At the request of the Company, the FCA has suspended the Company's listing on the Official List and trading on the Main Market of the London Stock Exchange has also been suspended as of 7.30 a.m. today, pending the publication by the Company of an FCA approved prospectus containing detail of the enlarged group or an announcement that the Initial Transaction is not proceeding.

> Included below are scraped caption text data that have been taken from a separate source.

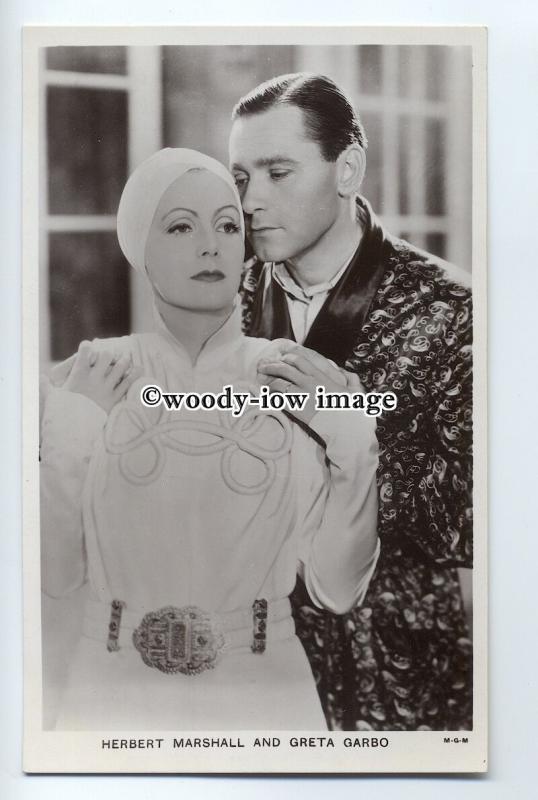 b3065 - Film Actress - Greta Garbo & Herbert Marshall - Postcard Film Partners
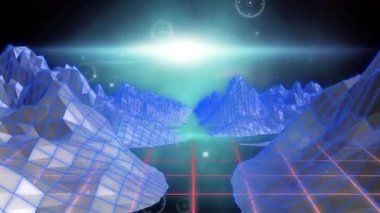 Kamera, neon şebeke düzleminde sürüklenirken HUD halkalarını döndürerek retrofuturistik kanyonu görselleştiriyor. Fütürist, dijital, manzara, neon, teknoloji, soyut, canlı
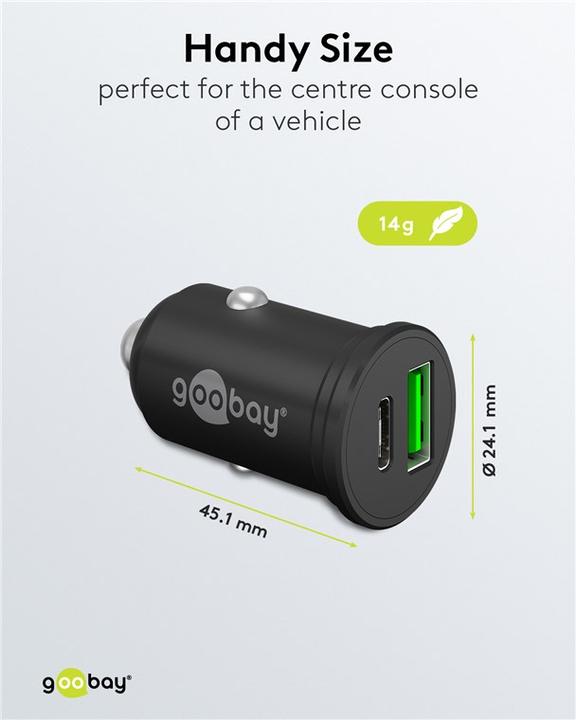 Productafbeelding Goobay Dubbele USB auto snellader USB-C PD Power Delivery 45 W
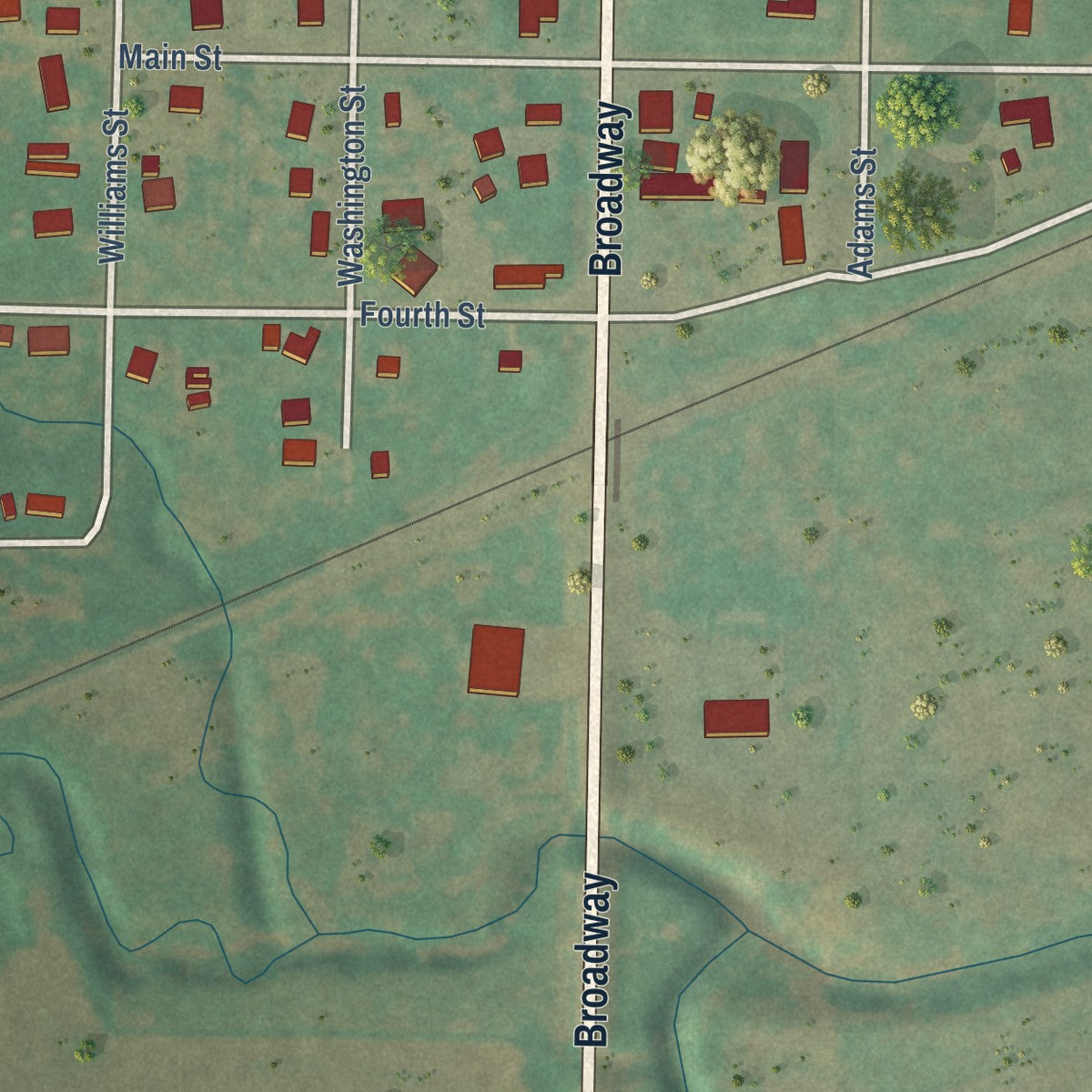 Second close-up of the map of Foss, Oklahoma print showing more streets and buildings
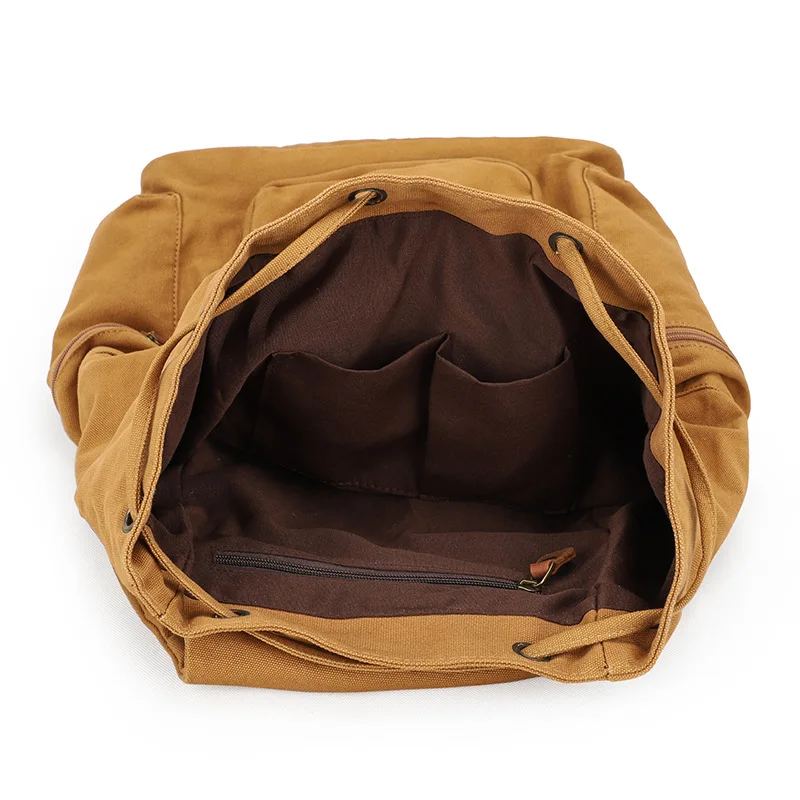Large Capacity Canvas Backpack Breathable Lightweight Sweat Absorbent Travel Bag Casual Style Leisure Wind Bookbag Tote Bag view 5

The Company has requested the temporary suspension because of the lack of available information about GMM in relation to the Initial Transaction, which could prevent the smooth operation of the market in the Ordinary Shares of the Company.

 

Should the final terms of the Initial Transaction be agreed and entered into, the Company will issue an announcement with further details pursuant to UKLR13.4.22R and UKLR13.4.23R.

 

The parties intend to proceed as quickly as possible with the Initial Transaction, however, there can be no certainty that it will be successfully completed, nor as to the final terms or timing of such transaction.

 

Takeover Code:

 

The Takeover Panel will be consulted in due course regarding the requirement or otherwise for GSC to seek a Rule 9 waiver pursuant to Appendix 1 of the UK Takeover Code in respect of the vendors of GMM and any other parties who may be acting in concert with them holding 30% or more as a result of the Initial Transaction and any other associated matters.

 

Appointment of Sponsor:

 

The Company is also pleased to announce that it has appointed Cairn Financial Advisers LLP as its Sponsor in connection with this suspension.

 

 

Enquiries:

 

GC Chain plc

Paul Carroll

 

 

 

 

 

Paul@gschain.com

 

Bowsprit Partners Limited, Financial Adviser

John Treacy / Luis Brime

+44 (0)203 883 4430

 

Cairn Financial Advisers LLP, Sponsor

Emily Staples

 

+44 (0)20 7213 0897

 

Caution regarding forward looking statements

Certain statements in this announcement, are, or may be deemed to be, forward looking statements. Forward looking statements are identified by their use of terms and phrases such as ''believe'', ''could'', "should" ''envisage'', ''estimate'', ''intend'', ''may'', ''plan'', ''potentially'', "expect", ''will'' or the negative of those, variations or comparable expressions, including references to assumptions. These forward-looking statements are not based on historical facts but rather on the Directors' current expectations and assumptions regarding the Company's future growth, results of operations, performance, future capital and other expenditures (including the amount, nature and sources of funding thereof), competitive advantages, business prospects and opportunities. Such forward-looking statements reflect the Directors' current beliefs and assumptions and are based on information currently available to the Directors.

 

The information contained within this announcement is deemed to constitute inside information as stipulated under the retained EU law version of the Market Abuse Regulation (EU) No. 596/2014 (the "UK MAR") which is part of UK law by virtue of the European Union (Withdrawal) Act 2018. The information is disclosed in accordance with the Company's obligations under Article 17 of the UK MAR. Upon the publication of this announcement, this inside information is now considered to be in the public domain.